Community: Die to Yourself

Right now I'm reading Blue Like Jazz by Donald Miller. I'm almost through it, and I could have been finished with it a week ago if I didn't spend so much time playing Minecraft. I am enjoying the relaxation though.
Anyway, I highly recommend this book so far.

I just finished a chapter where he talks about living in a house with 5 other guys. I can relate. He talked about the struggles of sharing space and sharing lives. I can relate.
I love this though; this is how he ended the chapter. It was a dialogue between him and someone he had observed. "I asked him how he kept such a good attitude all of the time with so many people abusing his kindness. Bill set down his coffee and looked me in the eye. 'Don,' he said. 'If we are not willing to wake up in the morning and die to ourselves, perhaps we should ask ourselves whether or not we are really following Jesus.'"
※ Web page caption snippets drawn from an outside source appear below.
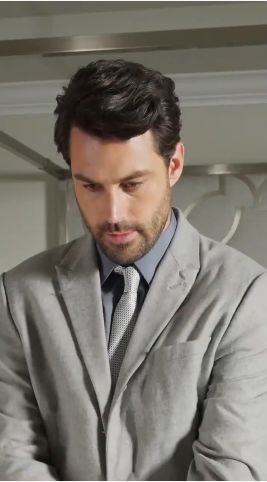 她藏起孕肚離職，禁欲上司急瘋了(全集)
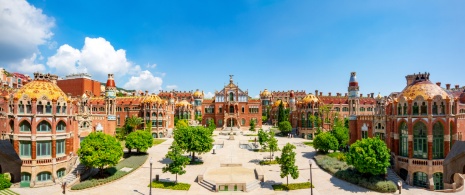 Vista do Recinto Modernista de Sant Pau, em Barcelona, Catalunha Vista do Recinto Modernista de Sant Pau, em Barcelona, Catalunha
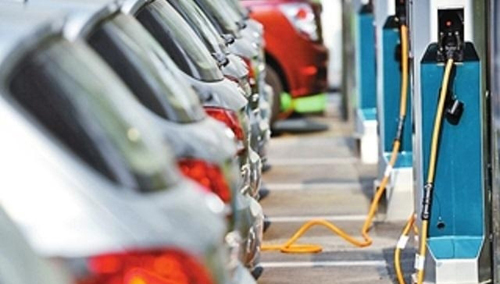 國務(wù)院:鼓勵社會資本進(jìn)入充電設(shè)施建設(shè)運(yùn)營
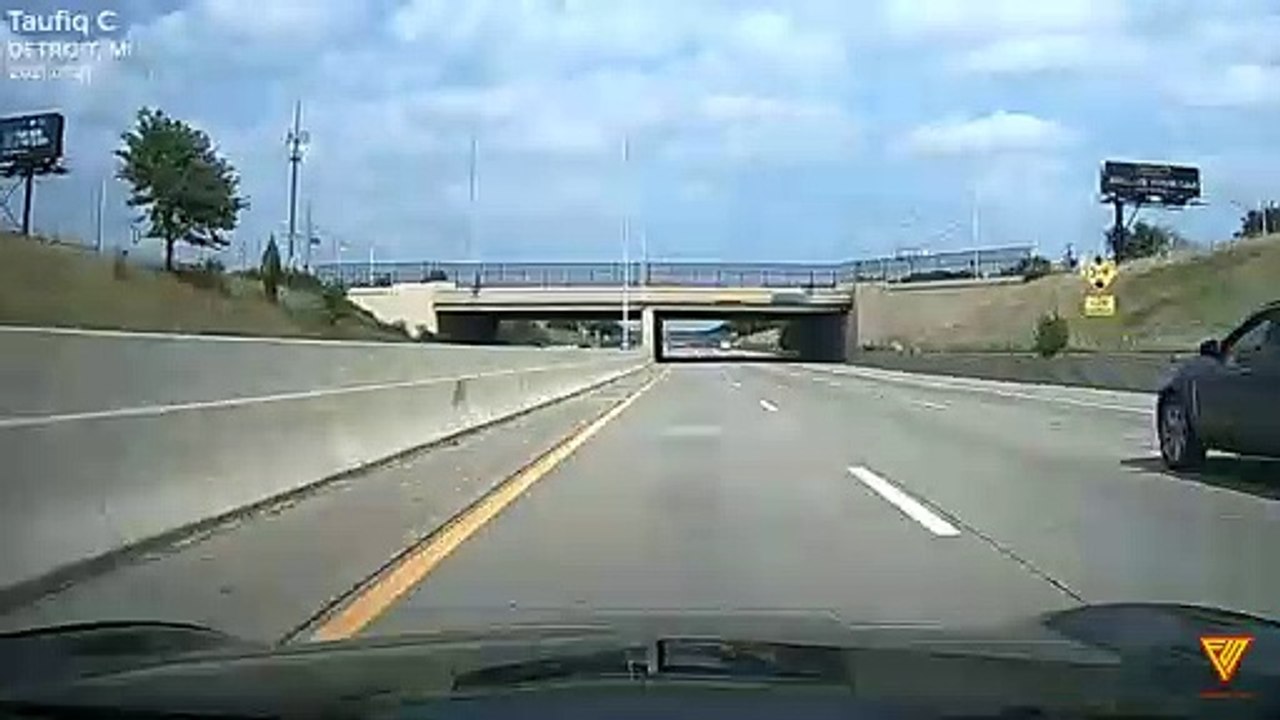 Close car crash save 2021.07.21 — DETROIT, MI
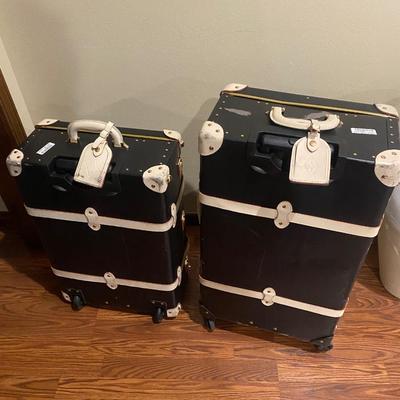 24" & 26" Steamboat Luggage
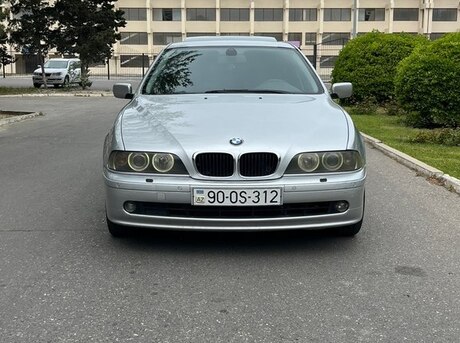 BMW 525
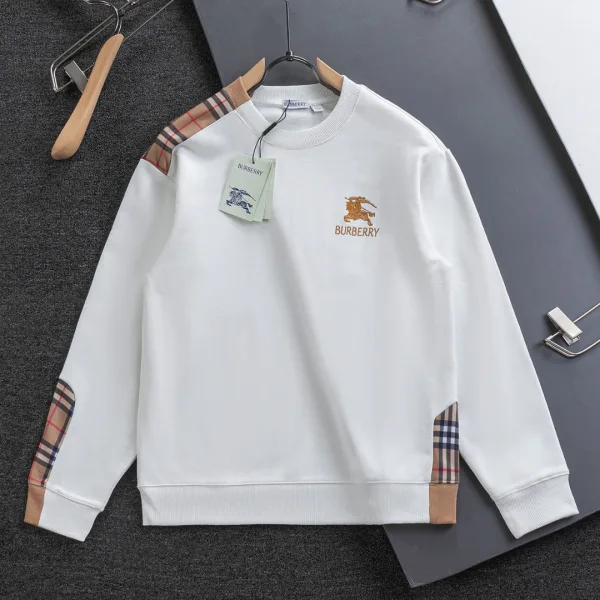 Burberry Cotton T-Shirts For Autumn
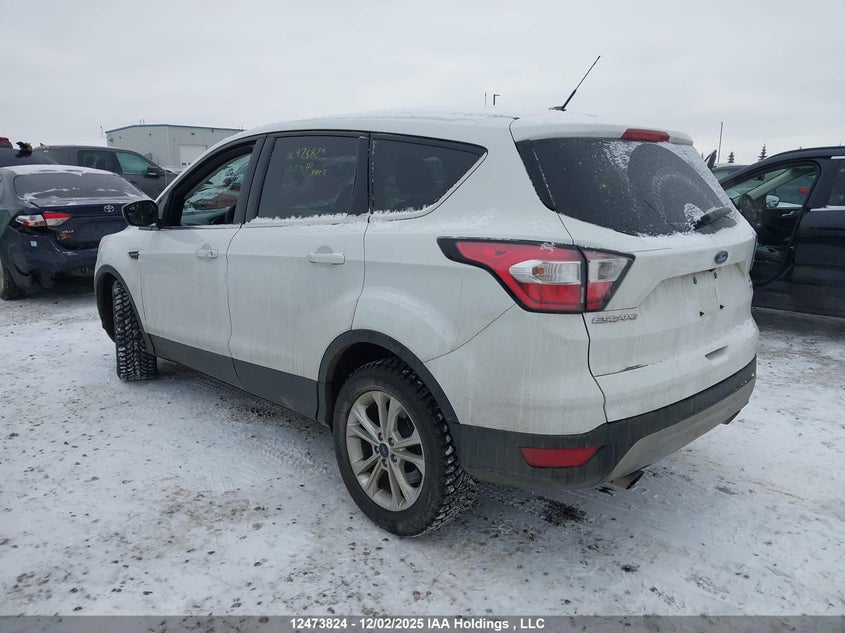 1FMCU9GD5HUD61822 2017 FORD ESCAPE photo no. 3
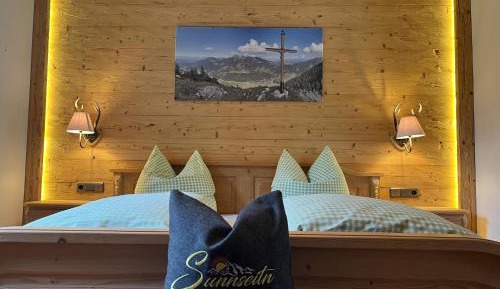 Apartment with Mountain View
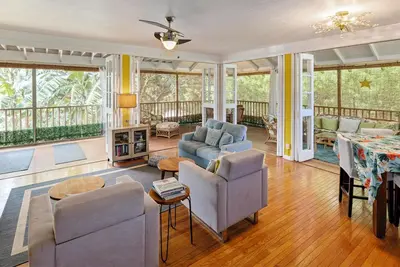 Image de Aloha Luxe Molokai Beachhouse. Perfect for single, couples, or groups 3bdrm/2bth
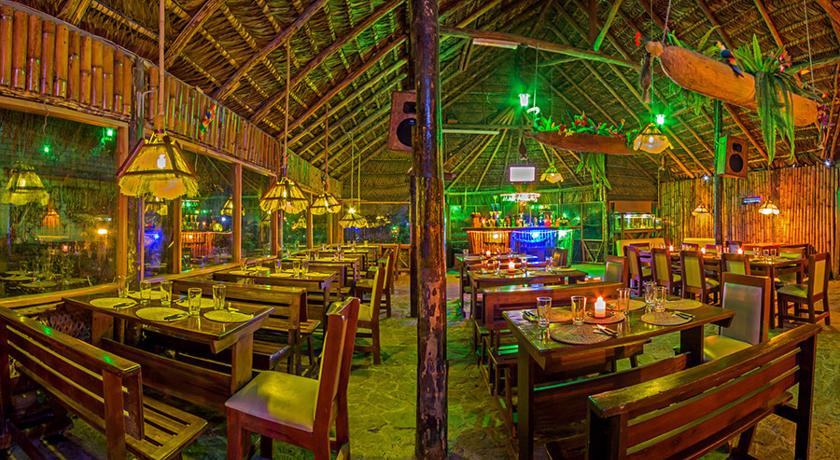 Imagen del bar/restaurante del Hotel SANGAY. Foto 2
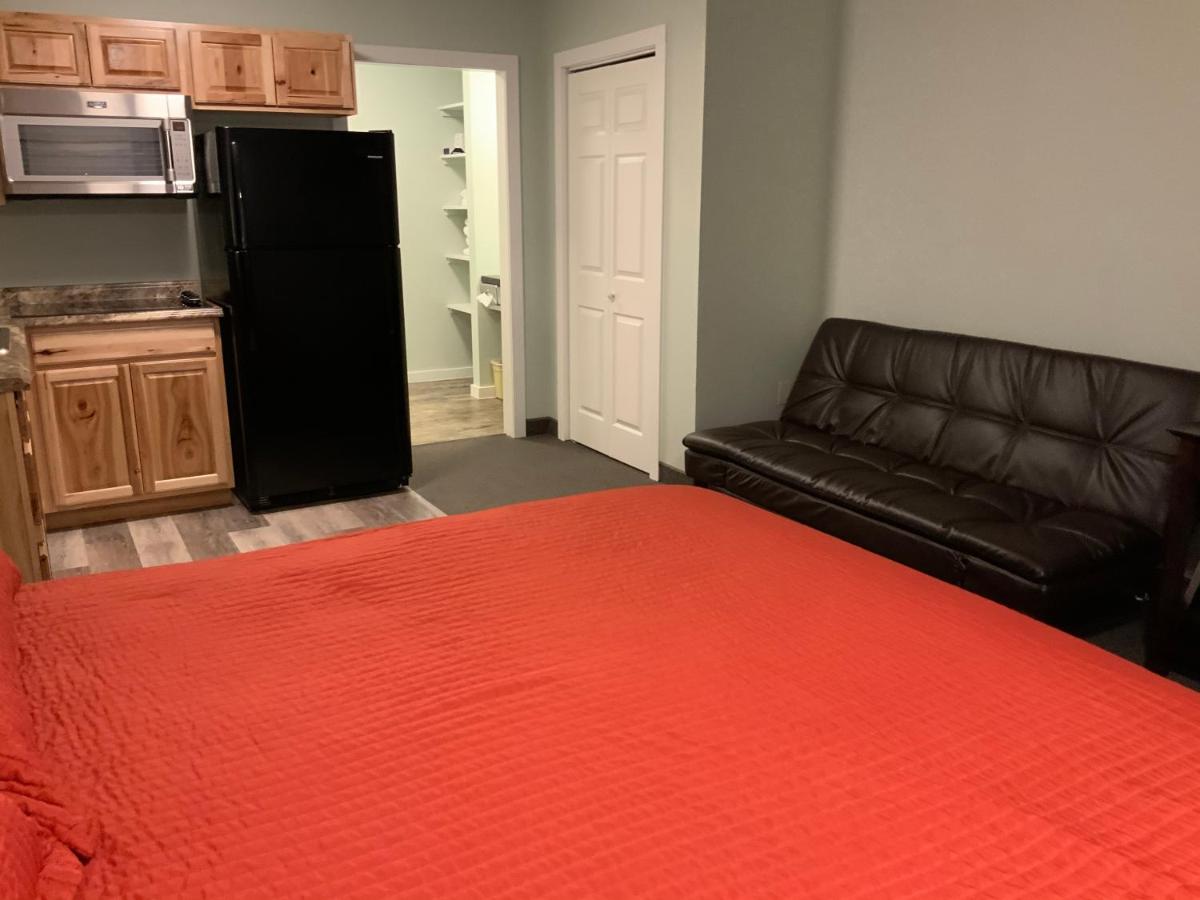  | Rockerville Lodge & Cabins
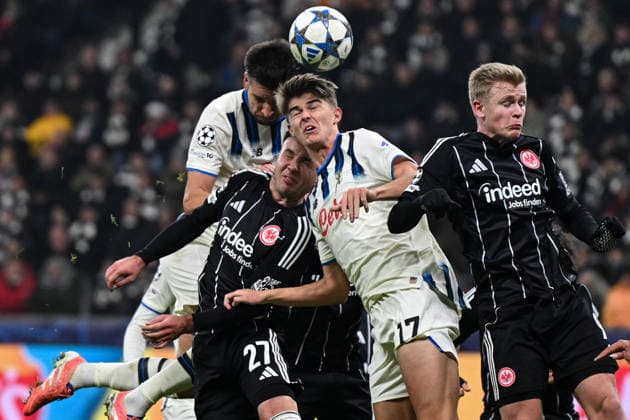 Mario Götze (Eintracht Frankfurt, 27) im Zweikampf mit Charles de Ketelaere (Atalanta 17), GER, Eintracht Frankfurt vs Atalanta Bergamo, Fussball, UEFA Champions League, Ligaphase, 5. Spieltag, Spielzeit 2025 2026, 26.11.2025. GER, Eintracht Frankfurt vs Atalanta Bergamo, Fussball, UEFA Champions League, Ligaphase, 5. Spieltag, Spielzeit 2025 2026, 26.11.2025. Frankfurt am Main Copyright: xEibner-Pressefoto FlorianxWiegandx EP_FWD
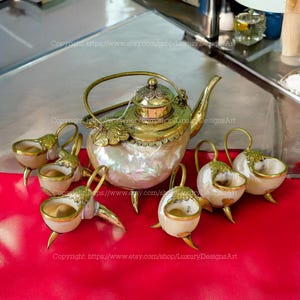 Mother-of-Pearl Teapots and Cups with Bronze Edges and Copper Coating Home Decor Cups for Serving Wine Sea Snail and Seashell Designs
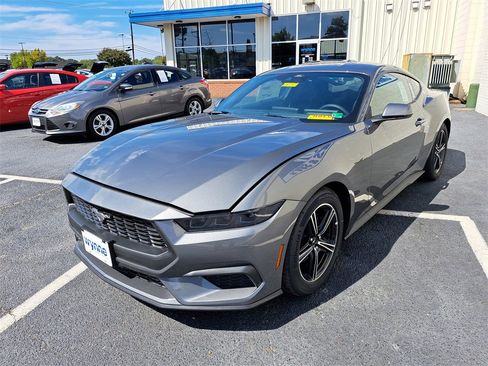 New 2025 Ford Mustang Coupe image 3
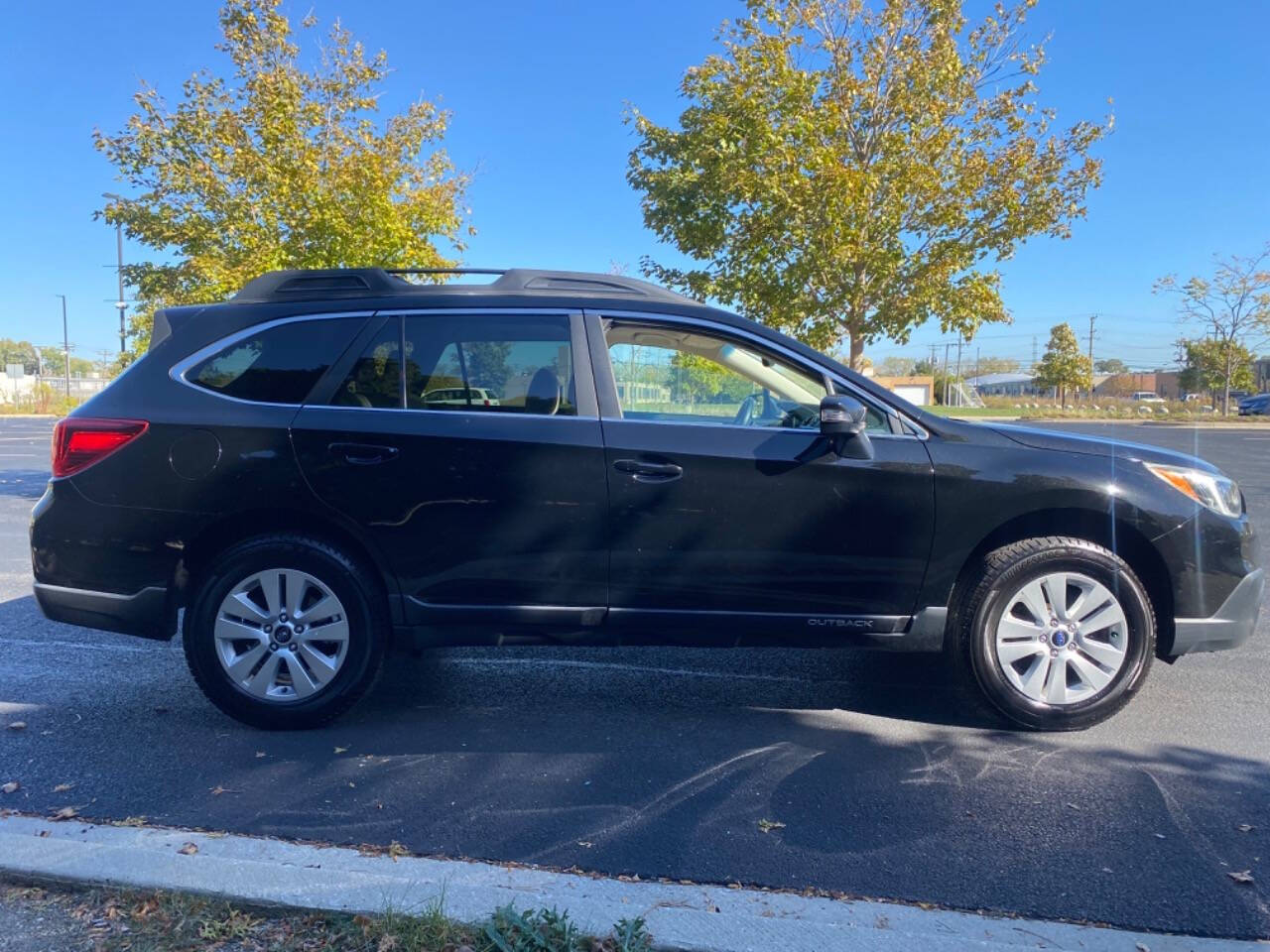 2016 Subaru Outback for sale at Ideal Cars LLC in Skokie, IL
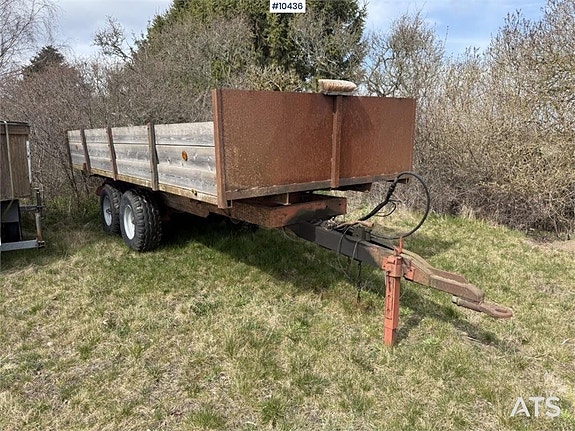 Traktorkärra med tipp (25,000:- ex moms)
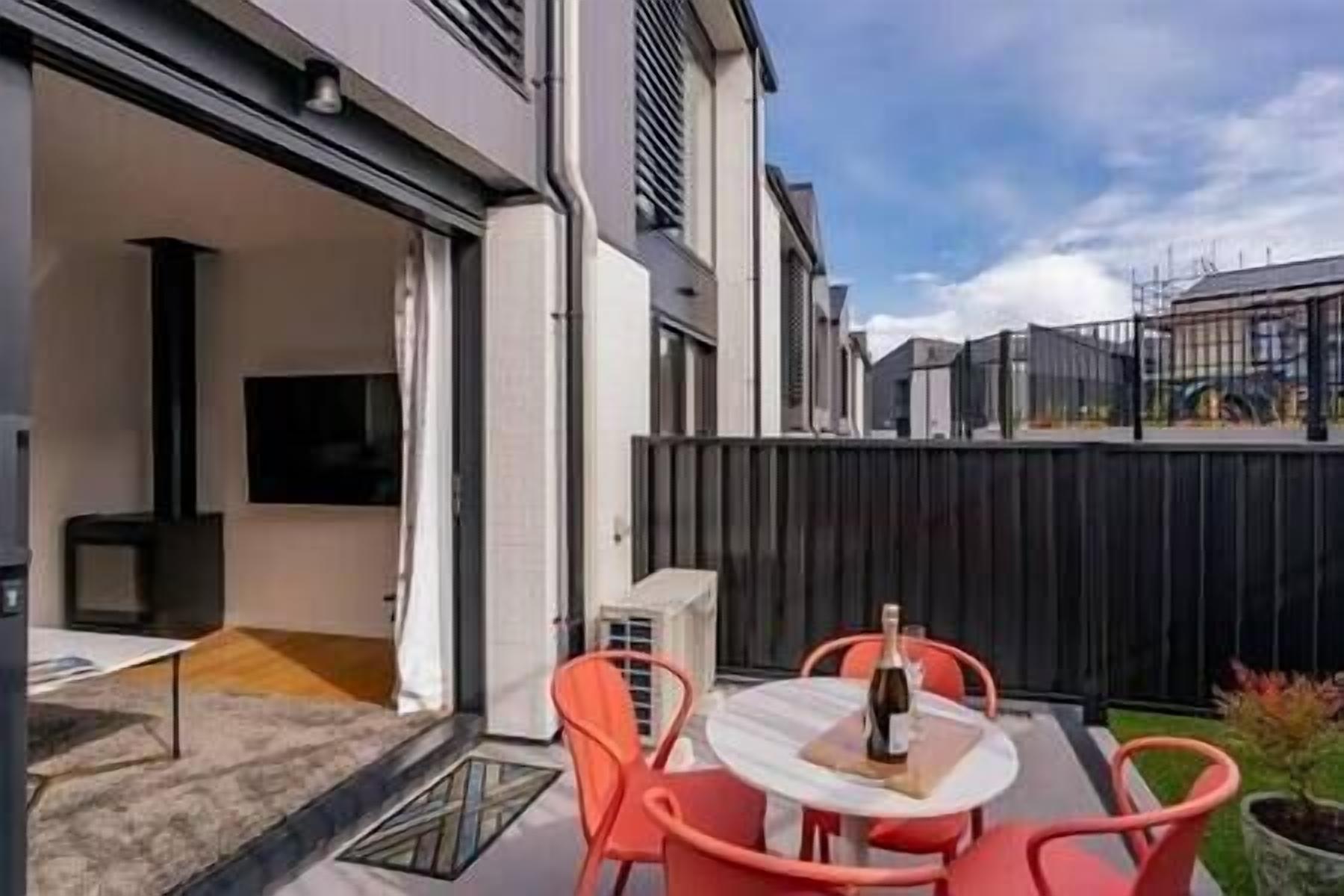 Explore Wanaka - Mountain Views, Riverside Locale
I'm not suggesting that my friends at the Man Sanctum abused any kindness I might have shown. What I am suggesting is that this is the only way that Christian community works. We have to die to ourselves daily; part of which means realizing that the world is not a play staring me. No legitimate Christian community takes place without this; and if you read the New Testament, you see that Christian community is vitally important in our lives.

Sometimes that means doing the dishes all the time because no one else does, even if I didn't make any of them dirty. But I'm not tooting my own horn here; this comes with the realization that I neglect other things and fall short of people's expectations in other ways. I have a habit of leaving my junk around the house; the list could go on for a while. The key to community is grace. A grace that only comes from the ultimate grace that Christ has shown us.

If you don't die to yourself - in other words, kill your pride - then you have to ask yourself if you're really following Christ. "He humbled Himself and became obedient to death, even death on a Cross."

1 comment:

Kris Locker said...

this is a great view on living in community. thanks for posting this.